We evaluated a scenario with an eight-slot chassis fully populated with 36-port QSFP line cards. The line cards were populated with 40G parallel optic transceivers operating in breakout mode for a total chassis port count of 1,152x10G ports. Achieving the equivalent 10G port capacity using 10G SFP+ line cards requires a total of three eight-slot chassis with 48-port line cards. The cost comparison includes the cost of the switch chassis, the line cards and the associated transceivers, using standard list pricing for all components. The chassis cost in Figure 6 includes the required power supplies, fan trays, supervisors, system controller and fabric modules. As the number of chassis needed to support the 10G port density increases when using SFP+ transceivers, these additional required components increase as well. As a result, the study shows that on a per-port basis, deploying discrete 10G ports costs almost 85 percent more compared with deploying 40G ports in breakout mode for multimode applications. Figures 6 and 7 show the results in graphical and tabular form, respectively.

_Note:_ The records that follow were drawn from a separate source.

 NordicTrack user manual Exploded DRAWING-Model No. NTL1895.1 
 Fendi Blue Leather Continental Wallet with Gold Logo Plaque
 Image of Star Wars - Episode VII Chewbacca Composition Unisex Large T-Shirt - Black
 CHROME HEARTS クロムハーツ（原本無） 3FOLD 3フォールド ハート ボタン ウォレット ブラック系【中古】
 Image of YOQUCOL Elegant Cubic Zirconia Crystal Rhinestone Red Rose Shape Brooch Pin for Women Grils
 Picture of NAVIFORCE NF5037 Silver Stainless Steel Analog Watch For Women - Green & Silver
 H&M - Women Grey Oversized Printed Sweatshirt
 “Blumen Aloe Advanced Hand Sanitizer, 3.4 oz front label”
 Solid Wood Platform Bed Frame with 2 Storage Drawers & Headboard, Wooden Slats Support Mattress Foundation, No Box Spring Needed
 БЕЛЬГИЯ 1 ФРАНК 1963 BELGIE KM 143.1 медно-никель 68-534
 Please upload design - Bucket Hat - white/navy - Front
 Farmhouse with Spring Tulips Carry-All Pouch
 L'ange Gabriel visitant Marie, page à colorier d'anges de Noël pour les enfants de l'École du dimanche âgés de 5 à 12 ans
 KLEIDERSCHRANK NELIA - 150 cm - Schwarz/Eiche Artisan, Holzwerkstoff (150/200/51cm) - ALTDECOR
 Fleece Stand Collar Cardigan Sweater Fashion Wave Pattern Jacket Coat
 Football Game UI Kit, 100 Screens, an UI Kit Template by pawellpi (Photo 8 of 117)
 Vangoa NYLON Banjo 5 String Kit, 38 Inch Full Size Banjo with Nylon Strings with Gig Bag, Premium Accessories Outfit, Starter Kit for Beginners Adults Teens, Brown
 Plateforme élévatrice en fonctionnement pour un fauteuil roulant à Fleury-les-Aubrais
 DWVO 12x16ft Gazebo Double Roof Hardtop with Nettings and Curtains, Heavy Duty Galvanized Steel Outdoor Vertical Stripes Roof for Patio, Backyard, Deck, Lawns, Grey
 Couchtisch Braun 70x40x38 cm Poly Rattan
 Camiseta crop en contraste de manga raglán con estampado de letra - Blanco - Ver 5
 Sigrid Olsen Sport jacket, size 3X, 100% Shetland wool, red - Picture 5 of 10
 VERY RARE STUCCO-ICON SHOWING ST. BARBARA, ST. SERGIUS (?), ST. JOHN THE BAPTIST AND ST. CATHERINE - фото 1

Now let’s evaluate the opex benefits. To begin, most vendors’ 40G and 10G switch chassis and line cards have similar power requirements. An approximately 67-percent reduction in required power and cooling comes from reducing the number of chassis and line cards by two-thirds, in addition to the space savings discussed above. And as an added benefit, we can save the additional power required to operate the transceivers. The data in Figure 8 shows a greater than 60-percent transceiver-power savings when deploying multimode breakout configurations,
In addition to the benefits in space savings and cost, you can gain an additional benefit on Day 2 when you increase your network speeds from a high-density 10G (or 25G) architecture to a native 40G (or 100G) network. As the network moves from breakout 10G (or 25G) to native 40G (or 100G), the existing 40/100G optics and line cards operating in breakout mode can continue to handle the native 40/100G links. This approach allows for two speed generations out of the switches, line cards and associated parallel optic transceivers.
Because parallel optic transceivers operate over eight fibers, it’s important to consider how to design the data center structured cabling to support breakout mode. Recommended designs include solutions that employ Base-8 MTP connectivity for the optical infrastructure to optimize fiber utilization and port mapping. As Figures 9a, 9b and 9c show, deploying connectivity with an eight-fiber MTP connector interface allows a simple and optimized solution to breakout to four LC duplex ports for patching to 10G equipment ports.